With the means at our disposal and under the difficult conditions caused by corona, we were able to develop a new and unique cell sensor and provide the Proof of Concept of it. As a team, we are proud of this and the many other great results. Also, we all learned a lot while working on the project, gained insights into other areas, and developed further. We have mastered the challenges and created solutions that can be used by other researchers. The work on this project, especially the teamwork and the solved challenges, contribute to the development of each team member. Altogether we consider the work on this project to be positive.

We are sure that our results, generated in the course of our project, can be used by other working groups and thus our project will have a far-reaching positive impact. Our genetic construct and the designed parts will serve as a starting point for the establishment of cell-sensors for various applications. Not only because most of the materials and methods we have used are available in most laboratories, but also because we have demonstrated the detection capability by co-expressing the two reporter proteins. The fact that an MRI was not readily available in our laboratory helped us to design the microfluidic chamber. Thus, we created a measuring instrument that can be reprinted by other working groups and adapted to their own needs. With the help of the software we designed, it is possible to simulate the first growth phase. Due to the ubiquitous distribution of biofilms, this is interesting for a variety of fields of application.

To evaluate the impact of our cell-based-sensor, we decided to analyze it with a matrix, which lists the different actors and factors.

As shown in the matrix, our cell-based sensor would have a very positive impact on the different actors. The prerequisite for this is that the legal conditions allow the use of the sensor and that gene/cell therapies are society approved. We assume that early detection with our sensor can prevent serious complications. It would not only benefit patients and physicians and the entire healthcare system. The ease of use and the commonly used materials and specimens are factors that would favor the clinical establishment of our sensor.

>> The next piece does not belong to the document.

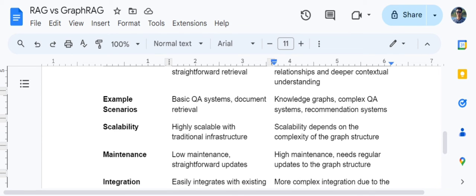On scalability, baseline RAG is highly scalable — adding more data just requires inserting into the vector DB. Graph RAG is more complicated because you need to alter the graph structure. For maintenance, baseline RAG is a low-maintenance option since updates are straightforward. Graph RAG can be a pain point as maintaining graph structures and graph databases requires significant effort.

One can consider the adaption of infrastructure as a challenge, but cell therapeutics will become daily threading in future medicine, which will make the clinical establishment of our sensor easier.
Biological safety is not foreseeable for us at this point but should be a high priority in planning. During our project, we have introduced the construct transiently into a general-used cell line via transfection. In the further development of the cell-sensor, the stable expression of the proteins is essential, which requires a considered selection of a vector system. The choice of the final cell influence also biological safety.